There are six files in all: train.csv, test.csv, users.csv, user_friends.csv, events.csv, and event_attendees.csv.

train.csv has six columns: user, event, invited, timestamp, interested, and not_interested. Test.csv contains the same columns as train.csv, except for interested and not_interested. Each row corresponds to an event that was shown to a user in our application. event is an id identifying an event in a our system. user is an id representing a user in our system. invited is a binary variable indicated whether the user has been invited to the event. timestamp is a ISO-8601 UTC time string representing the approximate time (+/- 2 hours) when the user saw the event in our application. interested is a binary variable indicating whether a user clicked on the “Interested” button for this event; it is 1 if the user clicked Interested and 0 if the user did not click the button. Similarly, not_interested is a binary variable indicating whether a user clicked on the “Not Interested” button for this event; it is 1 if the user clicked the button and 0 if not. It is possible that the user saw an event and clicked neither Interested nor Not Interested, and hence there are rows that contain 0,0 as values for interested,not_interested.

users.csv contains demographic data about our some of our users (including all of the users appearing in the train and test files), and it has the following columns: user_id, locale, birthyear, gender, joinedAt, location, and timezone. user_id is the id of the user in our system. locale is a string representing the user’s locale, which should be of the form language_territory. birthyear is a 4-digit integer representing the year when the user was born. gender is either male or female, depending on the user’s gender. joinedAt is an ISO-8601 UTC time string representing when the user first used our application. location is a string representing the user’s location (if known). timezone is a signed integer representing the user’s UTC offset (in minutes).

user_friends.csv contains social data about this user, and contains two columns: user and friends. user is the user’s id in our system, and friends is a space-delimited list of the user’s friends’ ids.

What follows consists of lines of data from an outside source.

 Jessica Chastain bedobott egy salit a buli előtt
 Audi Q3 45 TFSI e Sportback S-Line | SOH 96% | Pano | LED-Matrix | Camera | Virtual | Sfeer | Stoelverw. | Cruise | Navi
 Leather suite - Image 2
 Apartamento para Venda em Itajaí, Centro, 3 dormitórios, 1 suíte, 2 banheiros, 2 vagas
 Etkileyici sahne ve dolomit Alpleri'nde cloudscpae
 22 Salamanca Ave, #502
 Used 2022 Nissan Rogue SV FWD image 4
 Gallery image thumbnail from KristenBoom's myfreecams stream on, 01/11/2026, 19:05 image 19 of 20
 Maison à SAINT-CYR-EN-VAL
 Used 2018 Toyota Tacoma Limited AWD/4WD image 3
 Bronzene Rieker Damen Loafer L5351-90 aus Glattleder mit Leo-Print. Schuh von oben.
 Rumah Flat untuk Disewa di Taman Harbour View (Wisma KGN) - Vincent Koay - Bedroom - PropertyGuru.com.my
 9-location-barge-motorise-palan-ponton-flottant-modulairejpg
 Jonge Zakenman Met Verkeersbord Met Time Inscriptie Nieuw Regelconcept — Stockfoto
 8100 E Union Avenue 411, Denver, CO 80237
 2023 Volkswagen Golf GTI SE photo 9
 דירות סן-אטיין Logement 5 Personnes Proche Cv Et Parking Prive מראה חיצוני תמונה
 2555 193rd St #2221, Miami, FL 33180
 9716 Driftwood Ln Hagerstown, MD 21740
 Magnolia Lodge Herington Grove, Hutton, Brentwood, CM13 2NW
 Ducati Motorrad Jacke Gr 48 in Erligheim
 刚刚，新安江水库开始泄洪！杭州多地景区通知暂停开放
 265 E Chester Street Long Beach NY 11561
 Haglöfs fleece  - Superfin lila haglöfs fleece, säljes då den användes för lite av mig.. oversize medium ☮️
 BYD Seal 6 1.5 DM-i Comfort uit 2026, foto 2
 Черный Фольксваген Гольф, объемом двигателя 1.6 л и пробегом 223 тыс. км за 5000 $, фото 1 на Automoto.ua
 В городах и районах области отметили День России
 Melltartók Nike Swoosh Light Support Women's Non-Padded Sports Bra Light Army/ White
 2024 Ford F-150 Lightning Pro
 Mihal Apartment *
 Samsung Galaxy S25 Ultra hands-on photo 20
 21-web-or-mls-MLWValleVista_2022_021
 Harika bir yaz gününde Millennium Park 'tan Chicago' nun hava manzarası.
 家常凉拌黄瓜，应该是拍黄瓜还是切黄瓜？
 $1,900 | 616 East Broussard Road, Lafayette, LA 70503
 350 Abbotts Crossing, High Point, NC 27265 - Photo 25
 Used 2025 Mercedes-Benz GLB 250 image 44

events.csv contains data about events in our system, and has 110 columns. The first nine columns are event_id, user_id, start_time, city, state, zip, country, lat, and lng. event_id is the id of the event, and user_id is the id of the user who created the event. city, state, zip, and country represent more details about the location of the venue (if known). lat and lng are floats representing the latitude and longitude coordinates of the venue, rounded to three decimal places. start_time is the ISO-8601 UTC time string representing when the event is scheduled to begin. The last 101 columns require a bit more explanation; first, we determined the 100 most common word stems (obtained via Porter Stemming) occuring in the name or description of a large random subset of our events. The last 101 columns are count_1, count_2, …, count_100, count_other, where count_N is an integer representing the number of times the Nth most common word stem appears in the name or description of this event. count_other is a count of the rest of the words whose stem wasn’t one of the 100 most common stems.

event_attendees.csv contains information about which users attended various events, and has the following columns: event_id, yes, maybe, invited, and no. event_id identifies the event. yes, maybe, invited, and no are space-delimited lists of user id’s representing users who indicated that they were going, maybe going, invited to, or not going to the event.

But we’ll only use part of them:

  • events
  • users

CODE

The code is show as jupyter notebook. And it will update consecutively(Below is updating info).

data preprocessing code

updating info:

5.23

  • Read events.csv and take a general look of it.
  • reduce the high dimension dataset to 2-D format and use matplotlib to visualize it.